= Aim of the task =
Work out how many lines of the entries have the word "Black" in them. Respond with that number only.

── Data under study ──

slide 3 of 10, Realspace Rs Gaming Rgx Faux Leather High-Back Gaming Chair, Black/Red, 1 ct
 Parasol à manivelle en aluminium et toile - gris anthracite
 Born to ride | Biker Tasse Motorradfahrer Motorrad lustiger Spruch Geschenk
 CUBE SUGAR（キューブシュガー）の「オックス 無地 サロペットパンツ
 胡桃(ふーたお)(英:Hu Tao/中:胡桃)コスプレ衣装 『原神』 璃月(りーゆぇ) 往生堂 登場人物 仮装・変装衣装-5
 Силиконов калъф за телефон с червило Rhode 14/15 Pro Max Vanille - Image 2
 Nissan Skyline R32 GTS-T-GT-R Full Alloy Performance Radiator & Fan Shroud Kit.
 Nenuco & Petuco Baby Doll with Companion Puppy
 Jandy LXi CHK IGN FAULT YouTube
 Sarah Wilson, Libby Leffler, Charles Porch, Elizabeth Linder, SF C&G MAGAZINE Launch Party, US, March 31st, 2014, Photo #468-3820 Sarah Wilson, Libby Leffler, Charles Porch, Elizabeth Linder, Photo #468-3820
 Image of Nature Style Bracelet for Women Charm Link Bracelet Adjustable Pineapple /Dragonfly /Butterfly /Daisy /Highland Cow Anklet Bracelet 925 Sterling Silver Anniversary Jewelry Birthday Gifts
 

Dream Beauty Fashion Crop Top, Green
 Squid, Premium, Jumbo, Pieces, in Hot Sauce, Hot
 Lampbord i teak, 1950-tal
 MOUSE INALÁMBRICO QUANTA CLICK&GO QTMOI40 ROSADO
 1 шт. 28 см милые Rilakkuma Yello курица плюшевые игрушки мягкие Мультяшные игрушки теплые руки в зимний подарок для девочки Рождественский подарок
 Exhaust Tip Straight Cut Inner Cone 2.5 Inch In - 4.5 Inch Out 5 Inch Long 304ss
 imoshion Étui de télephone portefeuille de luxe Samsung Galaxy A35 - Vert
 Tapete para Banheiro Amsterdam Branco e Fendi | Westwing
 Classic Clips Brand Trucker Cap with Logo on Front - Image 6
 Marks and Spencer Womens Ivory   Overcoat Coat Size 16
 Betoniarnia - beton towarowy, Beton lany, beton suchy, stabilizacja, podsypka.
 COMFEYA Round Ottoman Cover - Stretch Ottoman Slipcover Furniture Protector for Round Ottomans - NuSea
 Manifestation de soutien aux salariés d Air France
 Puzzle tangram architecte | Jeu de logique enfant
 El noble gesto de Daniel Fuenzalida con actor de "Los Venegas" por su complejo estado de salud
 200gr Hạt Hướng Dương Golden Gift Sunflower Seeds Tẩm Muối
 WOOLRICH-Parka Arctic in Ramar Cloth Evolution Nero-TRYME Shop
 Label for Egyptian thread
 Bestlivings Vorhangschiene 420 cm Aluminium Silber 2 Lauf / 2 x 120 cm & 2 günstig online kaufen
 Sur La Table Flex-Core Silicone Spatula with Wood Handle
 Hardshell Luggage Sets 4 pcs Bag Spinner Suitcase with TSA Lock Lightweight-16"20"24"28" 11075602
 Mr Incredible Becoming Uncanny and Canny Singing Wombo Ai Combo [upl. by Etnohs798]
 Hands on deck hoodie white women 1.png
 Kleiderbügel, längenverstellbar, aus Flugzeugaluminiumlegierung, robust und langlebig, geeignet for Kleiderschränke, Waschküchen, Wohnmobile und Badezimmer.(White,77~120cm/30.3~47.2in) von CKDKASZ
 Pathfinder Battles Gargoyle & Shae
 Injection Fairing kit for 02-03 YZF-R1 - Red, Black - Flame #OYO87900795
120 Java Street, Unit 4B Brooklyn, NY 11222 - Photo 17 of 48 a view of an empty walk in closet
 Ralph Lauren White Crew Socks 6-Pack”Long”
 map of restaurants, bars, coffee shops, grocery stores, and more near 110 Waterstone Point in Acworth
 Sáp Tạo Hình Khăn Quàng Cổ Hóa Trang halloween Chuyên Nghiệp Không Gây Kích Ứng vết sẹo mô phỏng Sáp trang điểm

───

= Output for this task =
2